A Raspberry Pi acts as the decision making brain of the robot. This takes all the readings from all the sensors on-board the robot and creates a decision based on what it understands from the environment. This allows it to autonomously navigate (by it’s own).
Tango is one of the most advanced robots that the Robotics Club owns. This robot has two motors for driving and a caster, these include a sensor which allows us to know how far the wheel has turned at any given time.
To detect objects, a variety of sensors are used; 12 ultrasonics use sound to detect obstacles alongside 7 infrared sensors which use light to detect obstacles.
Safety sensors on the robot include bumper switches which stop any task the robot is performing and infrared fall sensors, that prevent the robot from driving off a step or a table edge.
The purpose of this robot is to create a 2D map layout of its environment. It does this by using a 2D LIDAR sensor that uses a Laser to measure distances around the room as the sensor spins 360 degrees. A Raspberry Pi computer on-board then uses the LIDAR data to create a map of the environment that can result in autonomous navigation of the robot.
A secondary function of the robot also includes navigation using a camera. The robot will continue to detect and react to obstacles if they become too close, however the camera is used as the main component to determine how to navigate instead of the sensors. This is the same type of technology as driverless cars!
Sherbert Lemon is a baby version of Tango. It includes the same type of sensors including 3 ultrasonics and 3 infrared sensors for obstacle detection.
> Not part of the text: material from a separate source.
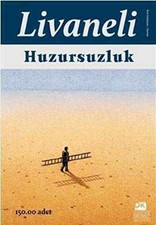 Huzursuzluk - Paperback, by Zülfü Livaneli - Very Good Turkish Classics price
However, this special robot has 3 wheels and no conventional steering!…..
3 omni-directional wheels are used to be able to allow the robot to drive forwards, backwards, crab sideways and in any direction you desire!
The purpose of this robot is to be able to control it via an EEG headset, that reads brain-waves to convert thought and emotions into electrical signals that we can make our robot react to. Yes, robots can react to happy, sad and confused emotions too!
Tracked Bot (Tweedledee)
Our new robots may look familiar, these ‘used’ to be Valiant Roamers used in 80’s and 90’s by schools etc.
These were operated by giving the robot instructions via the touchpad on top.
Our Valiants are programmable using an Arduino Uno as a brain and have a variety of new sensors which the originals didn’t include, such as an ultrasonic sensor, a servo, two infrared sensors, wheel encoders, speaker, LED and LDR and the best of all…….an XBee. This means all ten of our Valiants can communicate with eachother!